One unpleasant surprise was the severe shrinking of Lebanon’s FDI by 23%. Lebanon, like the rest of the countries in the Middle East and North Africa, was one of the biggest attractors of global foreign investment between 2006 and 2012. This was mainly due to its free economic system, tax climate, the durability and quality of its banking system and the fact that it kept attracting investment despite political instability. For example, in 2012 investments increased by 8.5% in spite of the political crisis that blocked broader economic growth. The country benefited from two further attractive factors. The first was that before the Syrian crisis, let alone the whole Arab Spring revolution, Lebanon took advantage of the opportunity to create a safe haven for Arab investment. The second factor was that international oil companies turned their attention toward Lebanon after verifying that its sea holds a wealth of oil and gas. More than 30 companies, including ExxonMobil, Rosneft and Mubadala Petroleum, expressed interest in exploratory drilling early last year.
However, the Syrian crisis and its repercussions on Lebanon, especially on the security level, seem to have overshadowed everything else. According to the UNCTAD report, investment in Lebanon decreased by $831 billion, settling at $2.83 billion annually after setting a record $4.96 billion in 2012 before the crisis.
This regression is due to a reduction in investment by the Gulf in the real estate sector, which accounts for the bulk of FDI inflows. The real bad news is that green field investment for 2013 did not surpass $104 million (0.2% of GDP), compared to 5% in 2009. This indicates Lebanon's challenge in channelling the investments in productive and nonspeculative areas of the economy. When interviewed by Al-Monitor, Nehmat Frem, former president of the Association of Lebanese Industrialists, insisted, “The type of FDI we need today are the ones that create jobs.”
So, the question is: How can Lebanon stop the regression, reverse the trend and attract investments that boost growth?
The return of security stability and getting Lebanon's political life back on track by electing a president are major priorities, but they are not enough. There are plenty of long-awaited structural reforms that are necessary to attract capital and properly direct it into areas that serve the stability of the country and create sustainable development. Wael Siniora, a Lebanese investment banker, told Al-Monitor about the challenges standing in the way of the return of the capital flow to Lebanon.
“We should create a conducive environment for these investments,” Siniora said. “This requires reforming the business legal framework, starting with reducing the registration time for establishing a new business or to close an old one. A new set of laws is also needed to force companies to abide by good governance.”
Creating such an environment requires also modernizing the financial markets. Most of the companies operating in Lebanon are still family businesses, which forms an obstacle for both investment and growth. Most of them need to institutionalize to open up their capital for foreign investment, which strengthens them as engines of growth. This also reduces their relatively high debt and contributes in lowering the overall rate of risk. It is true that some of these companies have modernized themselves and applied international standards for administration and governance, prompted by competition or directives from supervising institutions such as the banking sector or insurance companies. Major banks, like Bank Audi, have Arab investors in their shareholder structure.
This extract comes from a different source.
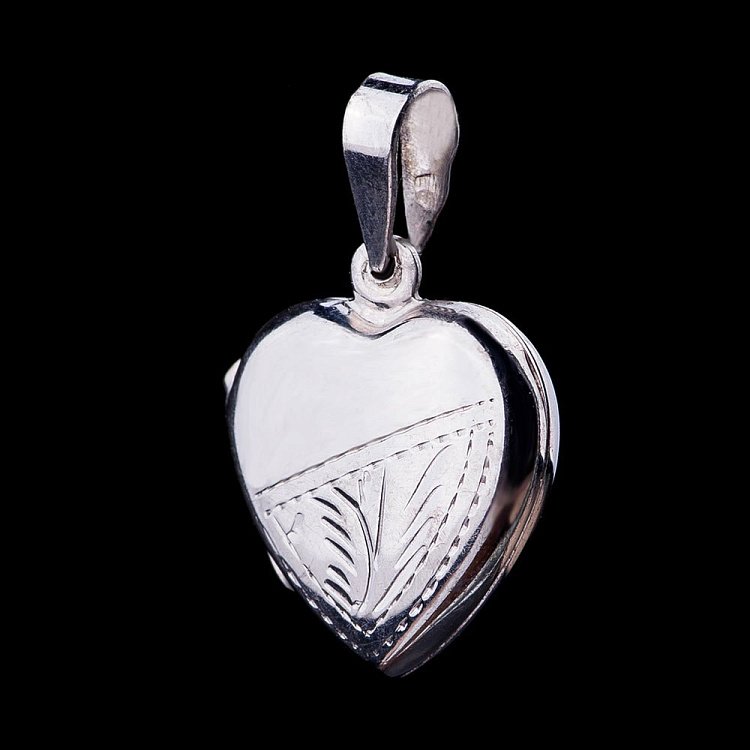 Кулон для фотографії в формі серця 132028 від ювелірного магазину Онікс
On the other hand, the size of the Beirut Stock Exchange (BSE) is still smaller than that of the Lebanese economy. Incentives are needed to push companies to utilize the BSE and not only to banks to increase their capital. The main driver to increase the volume of trading on the BSE is to accelerate privatization, mainly in telecommunications and electricity. For a decade, successive governments set this as a priority, but none succeeded in getting it done.